I do not think you can change just the barrel. I might be wrong, but I think ya gotta swap the slide too.


----------



## Yusrilha (Apr 20, 2020)

Shipwreck said:


> You can change the upper - new slide and new barrel. They use the same frame, although the ejector is a little different, or so I am told. I am not into 40 cal.
> 
> But, it usually works fine.
> 
> I do not think you can change just the barrel. I might be wrong, but I think ya gotta swap the slide too.


+1


----------



## mikefalcon (Jun 23, 2020)

Thank you


----------



## mikefalcon (Jun 23, 2020)

Shipwreck said:


> You can change the upper - new slide and new barrel. They use the same frame, although the ejector is a little different, or so I am told. I am not into 40 cal.
> 
> But, it usually works fine.
> 
> I do not think you can change just the barrel. I might be wrong, but I think ya gotta swap the slide too.
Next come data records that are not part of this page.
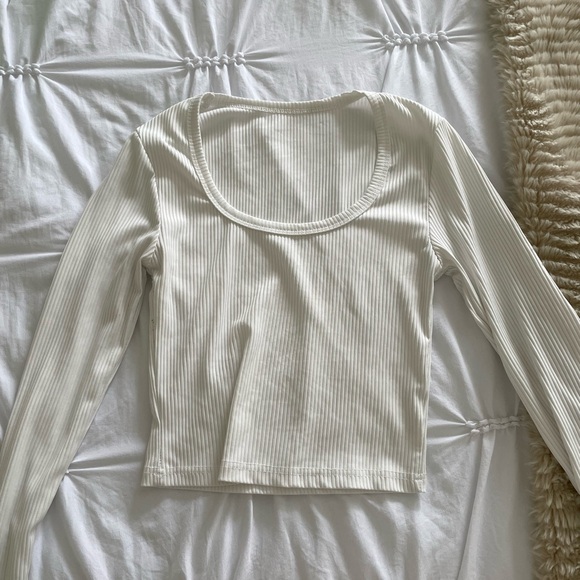 SHEIN white long sleeve - Picture 1 of 3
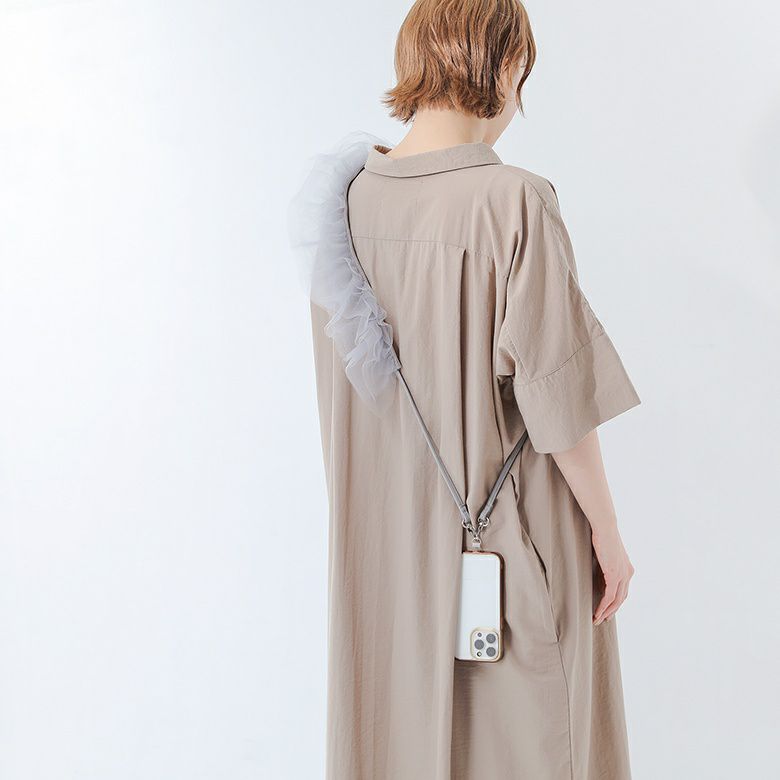 TOMOKOIZUMIチュールフリルバッグストラップ rectangle チュールフリルストラップ : ZOZOTOWN Yahoo!店
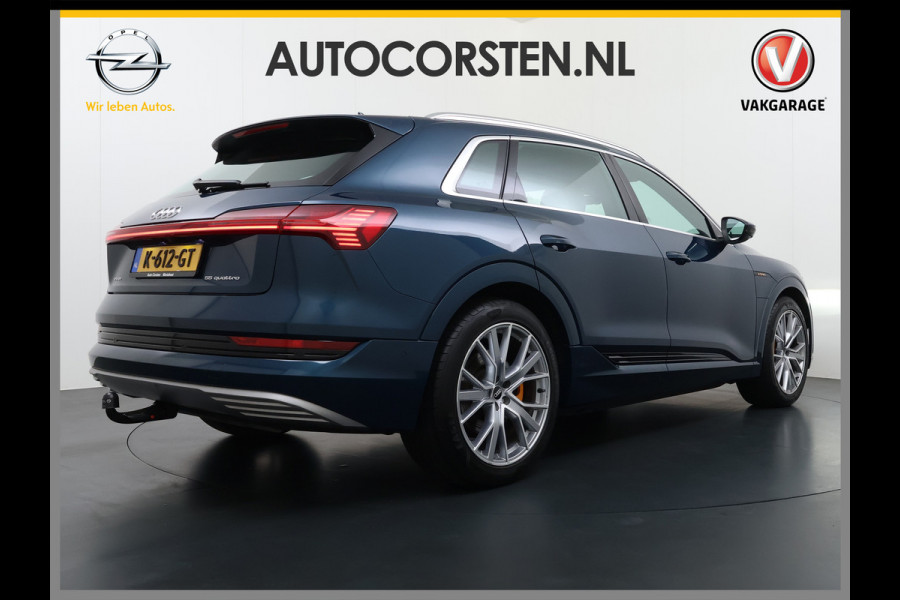 Audi e-tron 55 Quattro 95kWh Camera Panoramadak 2 Zijdes Laden Adap.Cruise Trekhaak Navi Ecc Leder Business Edition Plus SOH 91% Elek.Stoelen+Verwarmd Keyless Rijstrooksensor AWD 4WD Elek.Achterklep 1e Eigenaar Origineel Nederlandse Auto Dealeronderhouden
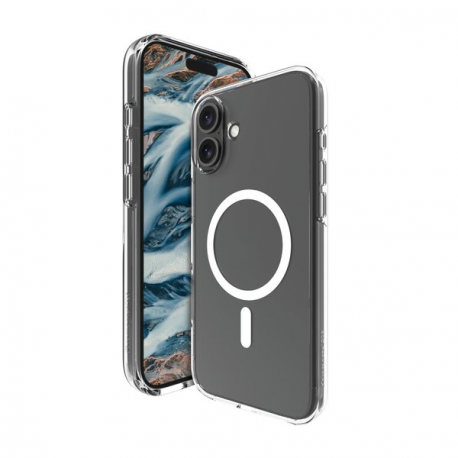 dbramante1928 Iceland Pro - Back cover for mobile phone - MagSafe compatibility - plastic - clear - for Apple iPhone 16 Plus - 0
Why do you not care for the 40 cal?


----------



## Shipwreck (Jan 26, 2006)

mikefalcon said:


> Why do you not care for the 40 cal?


9mm is fine for me. Out of 3 digits worth of guns over 25+ years, I have owned ONE 40 cal handgun. A PX4, many years gao.

9mm recoils less, and I can shoot longer before fatigue sets in (less recoil in 9mm). When you look at statistics and real world data, there isn't much difference.

Hitting is THE most important. If I can shoot more shots faster and be more accurate because of less recoil - I'll take that.


----------



## mikefalcon (Jun 23, 2020)

Shipwreck said:


> 9mm is fine for me. Out of 3 digits worth of guns over 25+ years, I have owned ONE 40 cal handgun. A PX4, many years gao.
> 
> 9mm recoils less, and I can shoot longer before fatigue sets in (less recoil in 9mm). When you look at statistics and real world data, there isn't much difference.
> 
> Hitting is THE most important. If I can shoot more shots faster and be more accurate because of less recoil - I'll take that.


Thank you


----------